[
https://issues.apache.org/jira/browse/UIMA-3075?page=com.atlassian.jira.plugin.system.issuetabpanels:comment-tabpanel&focusedCommentId=13711830#comment-13711830
]
Marshall Schor commented on UIMA-3075:
--------------------------------------
I checked this in a few ways. The code in the 2.4.1 level seems to be
operating correctly.
This example, when run now, produces output just from the first System.out
line. This I think is correct. What's happening is the outer loop gets, in
turn, the "Token" annotations. The first one is the aaa token. The 2nd
iterator is to be a subiterator to print out all annotations starting within
the aaa token, "after" the aaa token itself. Well, there are none. So this is
now correct. I also tried making some other Token spans to act as the
container, and it worked ok.
Closing this.
> Unambiguous non-strict subiterator may return annotations outside the given
> annotation's range
> ----------------------------------------------------------------------------------------------
>
> Key: UIMA-3075
> URL: https://issues.apache.org/jira/browse/UIMA-3075
> Project: UIMA
> Issue Type: Bug
> Affects Versions: 2.4.0SDK
> Reporter: Alexander N Thomas
> Assignee: Richard Eckart de Castilho
> Priority: Minor
>
> REPRO: using a tokenizer that matches on "[^ ]" on "aaa bbb ccc ddd" I get
> four token annotations
> "aaa" 0-3
> "bbb" 4-7
> "ccc" 8-11
> "ddd" 12-15
> I then iterate over the token annotations while printing the covered text,
> begin and end, make an unambiguous non-strict subiterator, and iterate over
> the subiterations printing out their covered text, begin and end all indented.

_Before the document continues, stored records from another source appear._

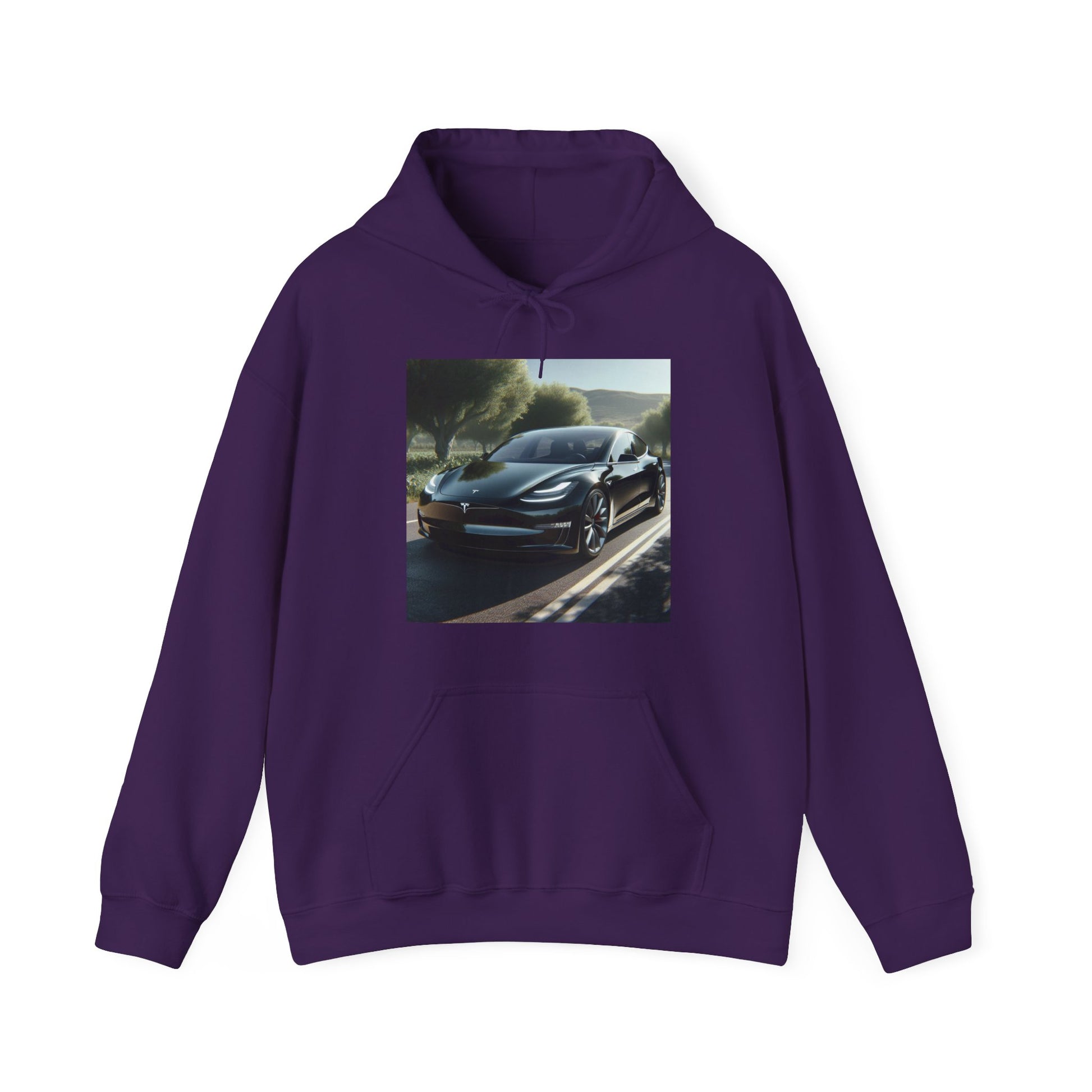 Black Tesla Hoodie Hoodie Printify Purple S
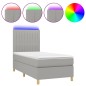 vidaXL Boxspringbett mit Matratze & LED Hellgrau 90x190 cm Stoff vidaXL Boxspringbett mit Matratze & LED Hellgrau 90x190 cm Stoff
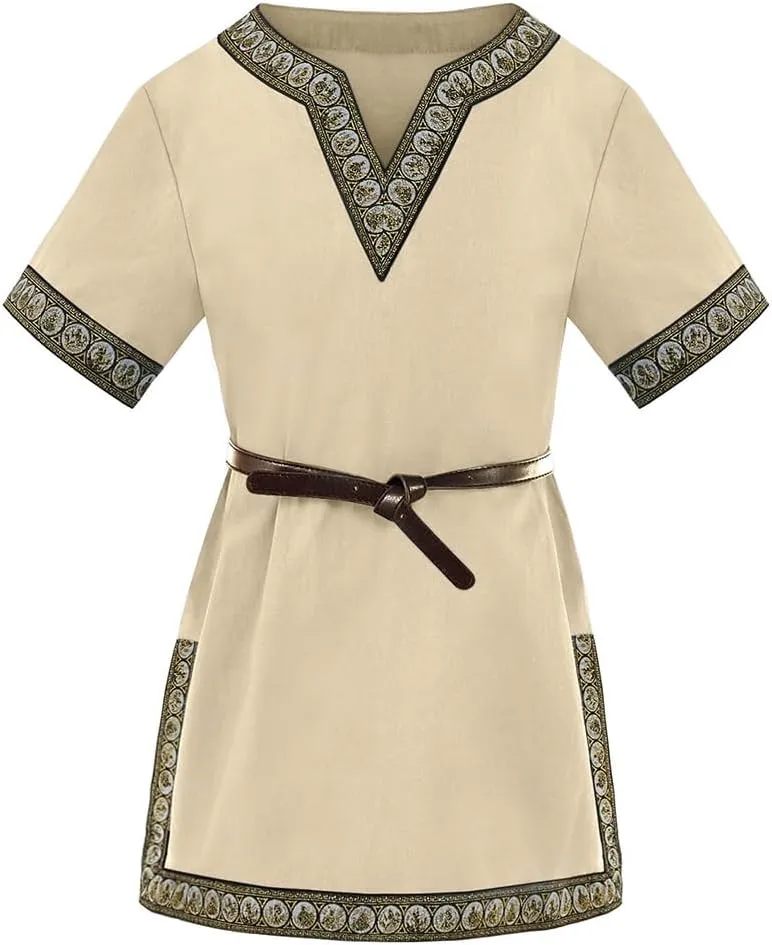 CAMDOM Boys Renaissance Viking Pirate V Neck Shirt Medieval Knight Costume Tops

> Iterator<Annotation> iter =
> jcas.getAnnotationIndex(Token.type).iterator();
> while (iter.hasNext()) {
> Annotation a = iter.next();
> System.out.println("\"" + a.getCoveredText() + "\"" + "
> [" + a.getBegin() + ", " + a.getEnd() + ")");
> Iterator<Annotation> featIter =
> jcas.getAnnotationIndex().subiterator(a, false, false);
> while (featIter.hasNext()) {
> Annotation b = featIter.next();
> System.out.println("\t\"" + b.getCoveredText()
> + "\"" + " [" + b.getBegin() + ", " + b.getEnd() + ")");
> }
> }
> The output is
> "aaa" [0, 3)
> "bbb" [4, 7)
> "bbb" [4, 7)
> "ccc" [8, 11)
> "ccc" [8, 11)
> "ddd" [12, 15)
> "ddd" [12, 15)
> I think this can be fixed by adding an extra check at Subiterator.java ln: 127
> NOW
> while (it.isValid() && ((start > annot.getBegin()) || (strict &&
> annot.getEnd() > end))) {
> it.moveToNext();
> }
> POSSIBLE FIX
> while (it.isValid() && ((start > annot.getBegin() && annot.getBegin() <=
> end) || (strict && annot.getEnd() > end))) {
> it.moveToNext();
> }
--
This message is automatically generated by JIRA.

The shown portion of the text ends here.